Canyon High students learn to handle stressful, crisis situations at SCV Youth Project’s Game of Life event

Canyon High School students Jade Rodriguez (right) and Celine Sanchez speak to Mark Fortier about services available at SCV Pregnancy Center during the SCV Youth Project's Game of Life event on Monday, April 29, 2019. Tammy Murga/ The Signal

Your parents put a lot of pressure on you to get good grades, while your friends convince you to start drinking and smoking. You don’t know how to quit and your grades start to drop. Where do you go for help?

Canyon High School students had to answer this and other related questions Monday for Game of Life, an annual event hosted by the Santa Clarita Valley Youth Project, a nonprofit that assists at-risk adolescents, where students learn how to cope with stressful or crisis situations.

In the event at the Cowboys’ gym, ninth- and 10th-grade students spent their physical education classes teaming up with their peers to problem-solve real-life scenarios by visiting booths from local agencies that would assist in each particular situation.

Agencies that participated this year included the Boys & Girls Club of Santa Clarita Valley, the city of Santa Clarita, the California Highway Patrol, SCV Pregnancy Center, Strength United, Child & Family Center, San Fernando Valley LGBT Center, Samuel Dixon Health Center and The Way Out Recovery SCV.
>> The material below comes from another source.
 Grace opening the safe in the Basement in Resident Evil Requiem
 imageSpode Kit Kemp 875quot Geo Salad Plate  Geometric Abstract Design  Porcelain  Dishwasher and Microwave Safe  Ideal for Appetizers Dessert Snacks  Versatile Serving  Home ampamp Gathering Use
“We decided to create our own community resource opportunity and invite colleagues that work with the same population and educate them head on,” said Kim Goldman, executive director for the Youth Project. “The stories we use are pulled from our files, which really allows for the participants to get a real-life feel and then a real-life response and resolution.”

Freshmen Jade Rodriguez and Celine Sanchez partnered together to solve their scenario on the topic of teen pregnancy. One of their stops was with Mark Fortier, SCV Pregnancy Center program director, who offered the young girls information about local services and support.

“There’s help if you’re ever in these kinds of situations,” said Rodriguez.

Alondra Alanis and her twin sister Valeria, who are also in ninth grade, were tasked with learning who to seek help from if someone is in an unhealthy relationship. Both said the activity was an active way to engage and connect students with resources close to them.

“This is important because sometimes there’s people who have a smile on their face trying to pretend as if everything’s OK but we don’t know what may be happening at home,” said Valeria. “There’s good, safe ways to have fun and these organizations can help.”

Physical education teacher Ceil Miller said, “There are many, many avenues of help for (students) in our community. These real-life scenarios show them that, ‘Hey, there is somebody that can help me. I know where to go now,’ from our school counselor to teen pregnancy, to LGBTQ.”

Monday marked the third and final Game of Life event at Canyon High School. The program started in 2011 and has since expanded to Golden Valley and Hart high schools. Goldman said the Youth Project may consider rotating high schools each year to hold the event rather than bringing it to multiple schools each year.